NEW YORK — The number of both daily and non-daily cannabis users in the United States across all adult age groups has risen steadily since 2007, according to a study led by researchers at Columbia University’s Mailman School of Public Health.
While everyday cannabis use among younger Americans between ages 12 and 17 decreased before 2007, cannabis use overall among adults increased significantly after that year. That’s because both medical and recreational marijuana laws began being relaxed across the country more frequently. Between 2007 and 2014, the number of states that passed medical marijuana laws doubled from 12 to 24.
The study also showed that non-daily cannabis use decreased before 2007 for the 12-17 age group as well as the 35-49 segment. Yet after 2007, consumption rose among all adults, especially those aged 26 to 34 (4.5 percent spike). Meanwhile, daily use among adults was the highest in those aged 18 to 34, but increases did not differ significantly across adult ages 18–64 and ranged between 1 and 2 percentage points.
“Increases in daily and nondaily cannabis use among adults after 2007 could be due to increasingly permissive cannabis legislation, attitudes, and lower risk perception,” says first author Dr. Pia M. Mauro, assistant professor of Epidemiology at Columbia, in a statement.
Dr. Mauro and her team used data from the National Survey on Drug Use and Health, which studied individuals aged 12 or older.
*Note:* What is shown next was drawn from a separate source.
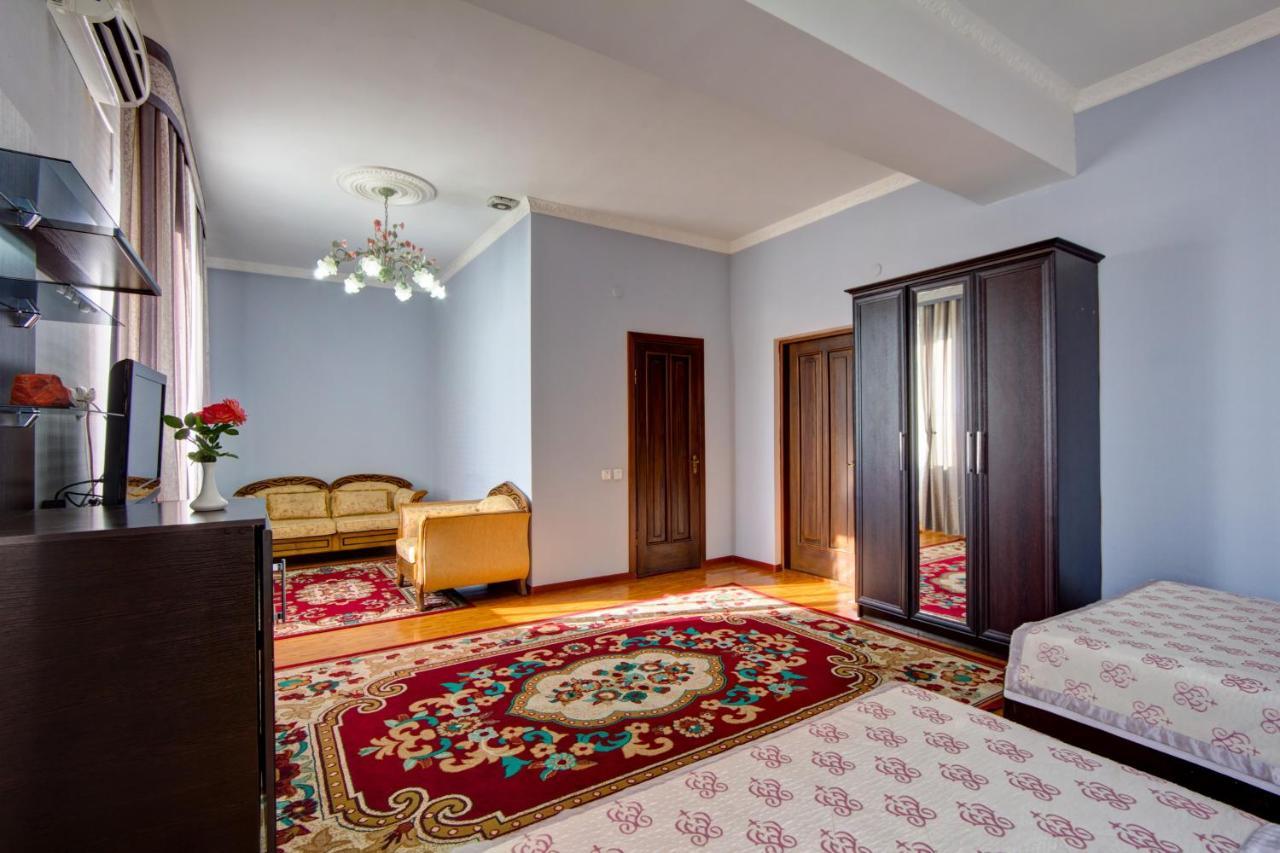 King House Hotel Biskek Kültér fotó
They examined trends in cannabis use in all age demographics between 2002 and 2014. For the study, they defined daily cannabis use as 300 days over the past year.
“We saw a steady increase in more frequent use among people who reported cannabis use, including young people,” says Mauro. “We found significant increases in daily cannabis use across adult age categories after 2007 that contrasted with stable prevalence before 2007 and decreases among adolescents.”
Interestingly, baby boomers (ages 50-64) were the only group to show non-daily use increase both before and after 2007. The authors say that number could eventually lead that segment to soar past the 35-49 demographic, should the trend continue.
“Research about the patterns and consequences of cannabis use in baby boomers in particular is needed, since use is high in this birth cohort and is expected to continue to increase,” adds Dr. Silvia Martins, an associate professor of epidemiology at the school and senior author of the study. “Moreover, significant increases in nondaily cannabis use among adults 65 and older defy perceptions that older adults do not use cannabis, although daily use in this age group remains rare.”
The full study was published June 13, 2018 in the Journal of Studies on Alcohol and Drugs.